What Stage-Gate Was Built to Do

Robert Cooper’s foundational stage-gate research in the 1980s addressed a specific problem: manufacturing companies were launching products without sufficient discipline in the development process. Ideas moved from concept to market without structured evaluation at key decision points. The result was waste — products that were technically completed but commercially wrong.

Stage-gate solved that problem by introducing sequential development stages with formal review gates between them. Each gate required specific deliverables before the project could advance. The model brought discipline to product development at a time when it was badly needed. It still brings that discipline today.

Stage-gate creates structure where there would otherwise be chaos. It forces articulation of the product concept, the market case, the development plan, and the commercial strategy at the right points in the process. Those are not small things. The criticism of stage-gate is not that it does these things poorly. It is that it was never designed to do something else entirely — something that enterprise portfolios now desperately need.

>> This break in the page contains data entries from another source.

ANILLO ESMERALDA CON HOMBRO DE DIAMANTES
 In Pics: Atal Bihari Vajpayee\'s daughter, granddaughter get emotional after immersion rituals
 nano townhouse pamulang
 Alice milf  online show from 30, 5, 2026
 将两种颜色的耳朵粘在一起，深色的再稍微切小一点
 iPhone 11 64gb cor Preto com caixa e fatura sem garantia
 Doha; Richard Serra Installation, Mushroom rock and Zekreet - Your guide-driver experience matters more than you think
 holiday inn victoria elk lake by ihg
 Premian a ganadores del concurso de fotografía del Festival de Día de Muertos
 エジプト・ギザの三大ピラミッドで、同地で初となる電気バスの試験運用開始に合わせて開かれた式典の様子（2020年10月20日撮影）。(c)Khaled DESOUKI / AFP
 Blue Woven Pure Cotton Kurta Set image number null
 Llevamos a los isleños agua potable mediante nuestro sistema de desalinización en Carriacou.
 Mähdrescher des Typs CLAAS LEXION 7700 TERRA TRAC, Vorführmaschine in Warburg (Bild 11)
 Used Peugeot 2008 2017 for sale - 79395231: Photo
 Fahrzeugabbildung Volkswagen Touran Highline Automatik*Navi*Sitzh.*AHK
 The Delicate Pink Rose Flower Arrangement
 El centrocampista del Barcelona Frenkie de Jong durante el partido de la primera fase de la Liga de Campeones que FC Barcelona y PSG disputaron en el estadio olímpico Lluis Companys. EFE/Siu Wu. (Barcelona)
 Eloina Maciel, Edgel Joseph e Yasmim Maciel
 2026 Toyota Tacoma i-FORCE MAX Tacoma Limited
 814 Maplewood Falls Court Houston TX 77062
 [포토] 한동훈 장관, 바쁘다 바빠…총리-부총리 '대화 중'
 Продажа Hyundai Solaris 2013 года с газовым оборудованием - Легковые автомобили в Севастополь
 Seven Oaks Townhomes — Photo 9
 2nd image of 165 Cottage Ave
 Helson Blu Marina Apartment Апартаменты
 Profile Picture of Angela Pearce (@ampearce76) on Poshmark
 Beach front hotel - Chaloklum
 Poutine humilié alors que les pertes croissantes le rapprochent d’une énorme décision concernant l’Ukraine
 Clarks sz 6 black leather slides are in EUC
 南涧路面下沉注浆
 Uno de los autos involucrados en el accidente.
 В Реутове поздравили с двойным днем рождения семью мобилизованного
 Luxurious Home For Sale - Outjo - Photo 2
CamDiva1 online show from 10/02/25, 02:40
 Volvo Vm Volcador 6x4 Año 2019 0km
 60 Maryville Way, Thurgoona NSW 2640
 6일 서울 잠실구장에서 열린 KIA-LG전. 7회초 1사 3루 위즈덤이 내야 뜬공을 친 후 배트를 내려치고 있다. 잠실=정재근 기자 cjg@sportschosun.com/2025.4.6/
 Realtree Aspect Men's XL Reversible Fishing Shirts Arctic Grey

The Question Stage-Gate Cannot Answer

Here is the question that determines whether an NPD idea should proceed: Given our declared strategic priorities, our current resource commitments, and everything else already approved in the portfolio, should this idea proceed now? Stage-gate cannot answer that question. It was not built to. Stage-gate operates within a project. It governs the stages of development from concept to launch. It assesses whether the idea is ready to advance to the next stage. What it does not do — what it has never done — is evaluate the idea against the rest of the portfolio simultaneously.

To answer the portfolio question, you need information that sits outside the stage-gate model:

  • What is currently consuming engineering capacity across all active projects?
  • Which strategic objectives have been declared for the current planning period, and which ideas directly advance them?
  • What is the risk-adjusted return of this idea relative to the next-best alternative use of the same capital?
  • Which existing commitments would need to be deferred to create the capacity this idea requires?

None of that data lives inside a stage-gate process. All of it is essential to making a sound investment decision for a portfolio. Stage-gate reviews without portfolio data miss the fundamental gate question: given everything else competing right now, should this idea proceed? That question cannot be answered solely by the product function.

Profit.co’s PPM platform integrates the portfolio governance layer directly above your existing stage-gate process.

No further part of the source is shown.